Saturday 31 March 2018

waking up the dahlias

It rained again.  I managed to weed some more of the shrub rose bed after the overnight rain had ceased and before the lunchtime rain started, tickling the soil with my hand fork, dusting it with fish, blood and bone, and tucking Strulch around the allium stems.  It was a job that would have been much easier three weeks ago.  On the plus side, foliage has now started to emerge on the too-numerous clumps of self-sown Campanula lactiflora, enabling me to find them to dig out the ones I don't want.  C. lactiflora is a perfectly nice plant, in a rubustious way.  Indeed, the parent of my unwanted largesse, the soft lilac variety 'Loddon Anna', holds the RHS Award of Garden Merit.  It's just that you can have too much of a good thing.  The smaller roses do not like being loomed over, and I don't want to stare at a monoculture of Campanula in that corner of the bed.

While it was only raining a bit I went to buy some more compost for the dahlias.  Last year's display was slightly disappointing, and I decided then that I really would try to find the time and energy to restart the tubers this season in fresh compost and set at the correct level in their pots so that there was a space at the top for watering.  It is so tempting, with all the other things to do in the spring, to just start them back into growth in their existing compost and tell yourself that with some liquid tomato feed everything will be fine.

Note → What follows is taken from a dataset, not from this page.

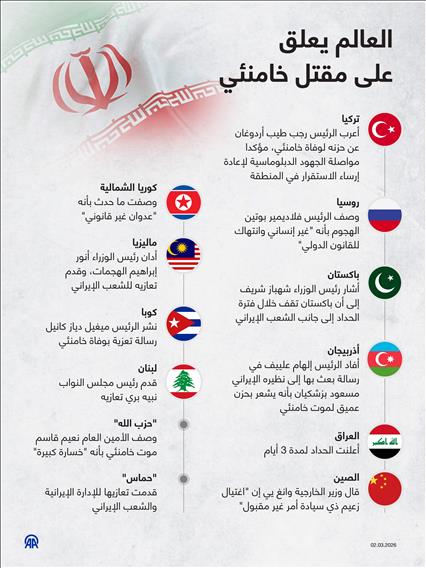 العالم يعلق على مقتل خامنئي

The old compost came away from the tubers like dust as I probed at it with my fingers, and I felt a conscientious glow that for once I was doing the right thing by the dahlias as I settled them down in fresh compost, tapping the pots lightly on the ground and pushing compost down into the pot, but not too hard, to try and make sure I didn't leave any air pockets.  For good measure I topped every pot off with a sprinkling of Vitax Q4.  Some of the tubers were massive and I moved them into slightly bigger pots.  One yielded a couple of offsets, each with a portion of stem and three swollen storage lobes, that will make new plants, but others showed no signs of wanting to be split and I left them intact.

The greenhouse is bursting at the seams so I stood the pots out on the concrete, feeling vaguely radical since dahlias are not frost hardy.  But the ones left in the ground over the winter normally survive, and manage to come back into growth without being destroyed by frost, and I thought that I could fleece the pots when frost was forecast.  I was just so keen to get myself some working space in the greenhouse, so that I could space the pots of overwintering tender shrubs and herbaceous plants more widely, and have some elbow room while I tided them up and fed them.

By teatime it was raining properly again and I gave up for the day.  It is awfully disappointing weather for the Easter weekend.